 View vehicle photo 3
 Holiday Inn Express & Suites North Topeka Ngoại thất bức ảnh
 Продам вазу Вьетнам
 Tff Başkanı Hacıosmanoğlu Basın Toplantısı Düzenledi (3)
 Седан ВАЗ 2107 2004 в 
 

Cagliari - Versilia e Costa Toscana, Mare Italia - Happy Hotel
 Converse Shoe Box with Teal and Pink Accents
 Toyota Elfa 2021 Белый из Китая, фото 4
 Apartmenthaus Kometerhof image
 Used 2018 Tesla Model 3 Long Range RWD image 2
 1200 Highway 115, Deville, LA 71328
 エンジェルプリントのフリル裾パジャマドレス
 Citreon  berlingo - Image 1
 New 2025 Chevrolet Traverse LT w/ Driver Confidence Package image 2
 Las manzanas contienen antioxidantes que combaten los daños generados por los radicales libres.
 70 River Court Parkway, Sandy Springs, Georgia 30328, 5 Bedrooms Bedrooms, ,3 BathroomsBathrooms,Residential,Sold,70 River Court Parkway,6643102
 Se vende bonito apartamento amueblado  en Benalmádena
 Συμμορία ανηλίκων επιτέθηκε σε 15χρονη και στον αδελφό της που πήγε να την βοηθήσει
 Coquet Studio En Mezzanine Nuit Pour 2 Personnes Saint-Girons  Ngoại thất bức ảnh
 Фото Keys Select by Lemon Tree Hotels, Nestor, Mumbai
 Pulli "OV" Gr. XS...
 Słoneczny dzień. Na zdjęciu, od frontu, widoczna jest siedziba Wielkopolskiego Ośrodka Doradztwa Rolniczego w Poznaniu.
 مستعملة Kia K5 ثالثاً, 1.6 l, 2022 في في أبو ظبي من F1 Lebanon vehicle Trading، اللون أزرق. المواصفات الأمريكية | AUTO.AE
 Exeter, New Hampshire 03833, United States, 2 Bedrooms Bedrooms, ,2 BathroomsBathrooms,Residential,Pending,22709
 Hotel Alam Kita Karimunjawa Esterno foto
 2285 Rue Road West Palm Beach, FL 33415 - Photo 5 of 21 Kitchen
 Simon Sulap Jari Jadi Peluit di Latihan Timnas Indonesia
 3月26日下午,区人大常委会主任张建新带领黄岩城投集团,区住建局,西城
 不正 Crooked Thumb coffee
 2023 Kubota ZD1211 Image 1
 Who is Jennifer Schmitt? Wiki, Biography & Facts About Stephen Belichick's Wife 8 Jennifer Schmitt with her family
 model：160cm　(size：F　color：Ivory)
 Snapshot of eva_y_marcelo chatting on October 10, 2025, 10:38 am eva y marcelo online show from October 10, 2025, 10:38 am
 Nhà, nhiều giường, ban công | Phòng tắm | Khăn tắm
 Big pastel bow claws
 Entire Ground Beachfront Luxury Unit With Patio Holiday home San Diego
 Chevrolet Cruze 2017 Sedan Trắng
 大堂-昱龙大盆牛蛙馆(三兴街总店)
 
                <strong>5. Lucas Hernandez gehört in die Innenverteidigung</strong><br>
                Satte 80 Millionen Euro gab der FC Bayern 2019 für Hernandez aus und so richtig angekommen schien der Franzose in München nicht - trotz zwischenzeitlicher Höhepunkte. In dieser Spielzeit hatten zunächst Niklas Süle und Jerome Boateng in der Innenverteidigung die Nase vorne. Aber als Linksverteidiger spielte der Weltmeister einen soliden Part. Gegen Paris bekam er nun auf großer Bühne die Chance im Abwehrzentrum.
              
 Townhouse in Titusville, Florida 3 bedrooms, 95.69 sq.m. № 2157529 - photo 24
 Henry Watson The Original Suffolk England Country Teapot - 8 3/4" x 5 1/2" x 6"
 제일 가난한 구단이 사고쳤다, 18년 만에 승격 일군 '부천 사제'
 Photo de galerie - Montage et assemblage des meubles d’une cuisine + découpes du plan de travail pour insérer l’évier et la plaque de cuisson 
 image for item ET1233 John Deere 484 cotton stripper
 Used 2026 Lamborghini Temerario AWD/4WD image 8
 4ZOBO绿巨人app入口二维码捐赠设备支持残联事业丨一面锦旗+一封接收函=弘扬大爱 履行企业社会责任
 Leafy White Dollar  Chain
● ● ●
Exercise details
Take exactly the lines from the one containing "Exeter, New Hampshire" through the one containing "Satte 80 Millionen" in the data above, and output them with nothing added.

Your response
 Exeter, New Hampshire 03833, United States, 2 Bedrooms Bedrooms, ,2 BathroomsBathrooms,Residential,Pending,22709
 Hotel Alam Kita Karimunjawa Esterno foto
 2285 Rue Road West Palm Beach, FL 33415 - Photo 5 of 21 Kitchen
 Simon Sulap Jari Jadi Peluit di Latihan Timnas Indonesia
 3月26日下午,区人大常委会主任张建新带领黄岩城投集团,区住建局,西城
 不正 Crooked Thumb coffee
 2023 Kubota ZD1211 Image 1
 Who is Jennifer Schmitt? Wiki, Biography & Facts About Stephen Belichick's Wife 8 Jennifer Schmitt with her family
 model：160cm　(size：F　color：Ivory)
 Snapshot of eva_y_marcelo chatting on October 10, 2025, 10:38 am eva y marcelo online show from October 10, 2025, 10:38 am
 Nhà, nhiều giường, ban công | Phòng tắm | Khăn tắm
 Big pastel bow claws
 Entire Ground Beachfront Luxury Unit With Patio Holiday home San Diego
 Chevrolet Cruze 2017 Sedan Trắng
 大堂-昱龙大盆牛蛙馆(三兴街总店)
 
                <strong>5. Lucas Hernandez gehört in die Innenverteidigung</strong><br>
                Satte 80 Millionen Euro gab der FC Bayern 2019 für Hernandez aus und so richtig angekommen schien der Franzose in München nicht - trotz zwischenzeitlicher Höhepunkte. In dieser Spielzeit hatten zunächst Niklas Süle und Jerome Boateng in der Innenverteidigung die Nase vorne. Aber als Linksverteidiger spielte der Weltmeister einen soliden Part. Gegen Paris bekam er nun auf großer Bühne die Chance im Abwehrzentrum.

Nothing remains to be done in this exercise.